Walking much more quickly than usual—especially for the fading light, I huffed and puffed my way back in the direction of the four-wheeler along the very obvious bayou. After more than five minutes of leaving Rick’s ass in the mud, crossing creeks deeper than my boots, letting them fill up with water, not giving a shit, and watching Rick struggle to cross those same creeks as he cursed, the sound of four wheelers coming down the trail ahead stopped me cold. I paused, half in an effort to let Rick catch up, but mostly to let the ATV’s pass. At all costs, I didn’t want other hunters to know where I was hunting. Rick finally caught up with me. 

“Who’s that?” Rick asked. “Game Wardens?”

“No; probably hunters. Turn off your light. I don’t want them to know where I’m hunting. Public land is very competitive,” I said, more out of breath over my anger than my forced hike. 

Rick addressed the elephant in the forest and finally stumbled, “Dude, You’re more experienced than me. I’m sorry I fucked it up. I got lost and didn’t know where you were.” 

How the fuck did you get lost? There’s an obvious bayou to follow. You have a map with GPS. We were only 30 yards apart! 

I thought all of these things but instead simply said, “Hunting is very important to me.” This was an understatement, but in the rawness of the moment, I couldn’t adequately express my feelings, or at least didn’t feel that I could say what I really thought. 

“I know,” Rick said, his voice almost trembling. 

“Rick, you couldn’t come with me before when I invited you scouting. I’ve put in hours upon hours, hiking all through these woods and sitting and waiting. Right now, is the prime time for deer movement. The past two hunts, I’ve had deer come out at my stand at dark.”

“Dude, I’m sorry. I didn’t know.” 

“Look. I’m sorry I got so angry.”

“No man—I’m glad you did. I’ve never seen that side of you.” 

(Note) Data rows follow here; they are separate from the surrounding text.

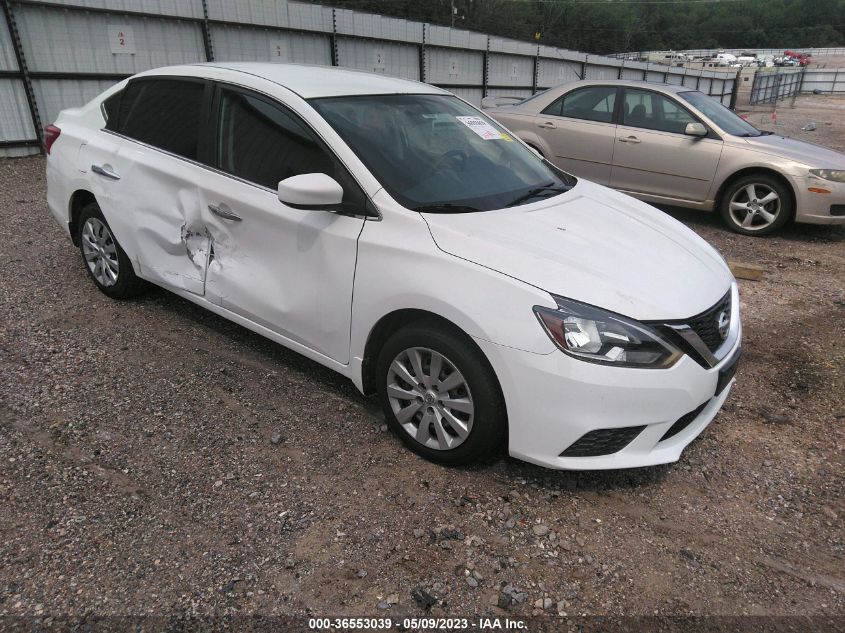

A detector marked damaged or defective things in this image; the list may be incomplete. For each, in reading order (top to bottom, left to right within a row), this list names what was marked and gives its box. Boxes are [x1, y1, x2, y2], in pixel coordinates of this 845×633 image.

dented door [113, 142, 211, 296]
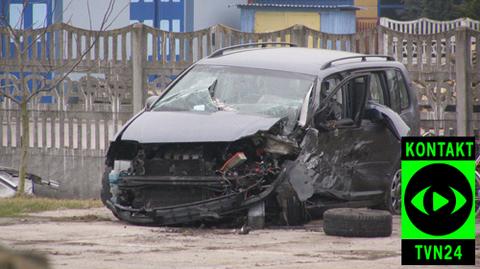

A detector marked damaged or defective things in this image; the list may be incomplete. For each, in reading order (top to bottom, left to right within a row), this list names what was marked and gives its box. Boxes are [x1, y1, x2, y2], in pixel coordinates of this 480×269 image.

broken windshield [153, 63, 316, 124]
crumpled hood [119, 110, 282, 143]
severely damaged car [102, 44, 420, 226]
detached tire [322, 207, 394, 237]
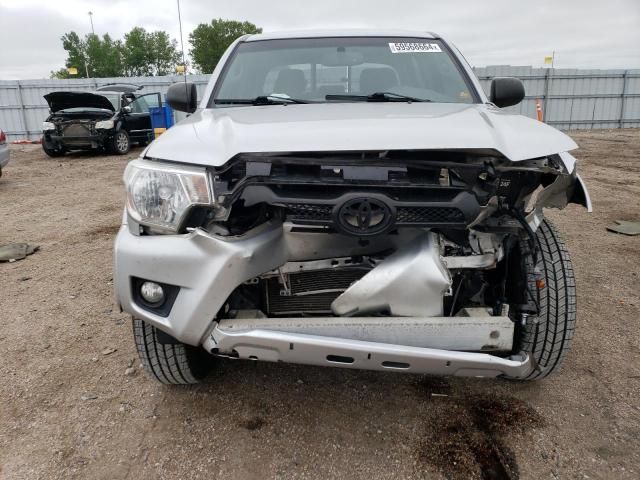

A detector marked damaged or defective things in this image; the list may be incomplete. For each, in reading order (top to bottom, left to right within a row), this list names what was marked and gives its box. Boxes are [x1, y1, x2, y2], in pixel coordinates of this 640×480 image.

Silence and steam from both of our breaths steadily filled the evening air. The roar and headlights of four-wheelers on the trail were now passing us about a hundred yards up ahead. 

“I don’t hate you, Rick.”

“I know.”

“But it’s very frustrating to put in so much time to have it all be for nothing.”

“Man, I’m sorry I fucked it up. I went walking and then I didn’t know where I was, and I guess I panicked.” 

“It’s all right,” I said, extending my hand in the near darkness. 

We shook a man’s handshake, and I said, “I apologize for yelling at you, but next time, trust me. If I say I’ll pick you up at dark, I’ll pick you up at dark.” 

The hunters on four wheelers on the trail were now out of sight, so we pressed on—back to the four-wheeler, back to the truck, back to my house, back to our lives, and hopefully, back to our friendship.